19 Ottobre 2018 17:21

Sono trascorsi esattamente 31 anni quando, in quel terribile giorno del 19 ottobre del 1987, i listini azionari crollarono in tutto il mondo. L’evento viene tuttora ricordato come Black Monday, il lunedì nero dei mercati. Basti pensare che, quel giorno, il Dow Jones crollò di oltre -500 punti, chiudendo con un tonfo del 22,6%, che rimane tuttora il più forte della storia di Wall Street.

Wall Street si trova a ricordare il Black Monday del 1987 nella fase di mercato toro più lunga della sua storia (che dura da ben nove anni): è da nove anni che si parla infatti di bull market e finora il sentiment ha stupito anche i ribassisti più accaniti.

C’è da dire, tuttavia, che i buy scatenati si sono presentati con frequenza sempre minore in queste ultime settimane, sulla scia dei timori di una frenata della crescita economica globale e di una politica monetaria meno conciliante, ovvero più restrittiva, non solo da parte della Federal Reserve di Jerome Powell (che continua imperterrita ad alzare i tassi), ma anche da parte della Bce di Mario Draghi, visto che il programma di Quantitative easing si sta pian piano spegnendo, nell’attesa di essere interrotto alla fine dell’anno.

Il crollo del Black Monday si conferma tuttora il più forte nella storia di Wall Street:  né il crash precedente del 1929, poco prima della Grande Depressione, e neanche gli attacchi terroristici dell’11 settembre del 2011 e la crisi finanziaria del 2008 videro protagoniste flessioni così importanti. Non fu inoltre solo Wall Street a cadere vittima degli smobilizzi. Le vendite colpirono le borse di tutto il mondo, tanto che la borsa neozelandese, per esempio, perse in una sola seduta il 60%.

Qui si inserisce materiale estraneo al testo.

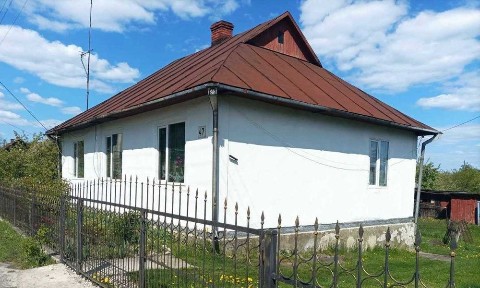 Продаж будинку 99 м² у Володимирці, вул. Грушевського, 47 (27 сот. землі)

La motivazione è che i mercati avevano corso davvero troppo nel primo semestre del 1987: basti pensare che, entro la fine di agosto, il Dow Jones aveva incassato un rally di ben +44% nell’arco di sette mesi, alimentando la paura di bolle speculative pronte a esplodere da un momento all’altro.

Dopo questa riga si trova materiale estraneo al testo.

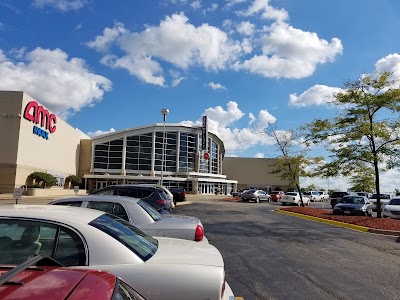 Photos of AMC Showplace Rockford 16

La situazione, almeno per quanto concerne la borsa Usa, precipitò alla metà di ottobre, quando il governo degli Stati Uniti rivelò un livello di deficit commerciale decisamente peggiore delle attese che scatenò le vendite sul dollaro. Il quadro peggiorò la settimana successiva, con il Dow Jones che concluse la seduta del 16 ottobre del 1987 con una flessione del 4,6%.

A diffondere il panico furono le dichiarazioni dell’allora segretario al Tesoro Usa James Baker che, nella giornata di sabato 17 ottobre 1987, minacciò pubblicamente di svalutare il dollaro, al fine di frenare la crescita del deficit americano.

E’ vero che al crollo contribuirono anche alcune lacune strutturali che caratterizzavano all’epoca le operazioni di trading. Al momento della crisi i mercati azionari, delle opzioni e dei futures utilizzavano per esempio tempi diversi per le operazioni di compensazione  e non disponevano neanche dei circuit breakers, che vennero lanciati proprio a seguito del Lunedì nero, al fine di fermare le contrattazioni quando i titoli azionari fossero scesi troppo e troppo velocemente.

Oggi giorno, nel caso in cui si presentasse un calo anche del 7%, il trading verrebbe sospeso per 15 minuti. Una flessione del 20%, invece, sospenderebbe le contrattazioni per il resto della giornata.

C’è da dire allo stesso tempo, come fece notare nel 2006 l’ex vice presidente della Federal Reserve Donald Kohn che, “contrariamente alle crisi finanziarie precedenti, il crollo dei mercati azionari che si verificò nel 1987 non fu legato a nessun episodio di corsa agli sportelli o di qualsiasi altro problema relativo al settore bancario”.

In più, Wall Street si riprese molto velocemente dalle perdite subite. In due sedute appena, il Dow Jones guadagnò 288 punti o il 57%, di tutta la flessione che aveva accusato nel giorno del Black Monday. E in meno di due anni, i mercati azionari Usa superarono i massimi testati prima del crash.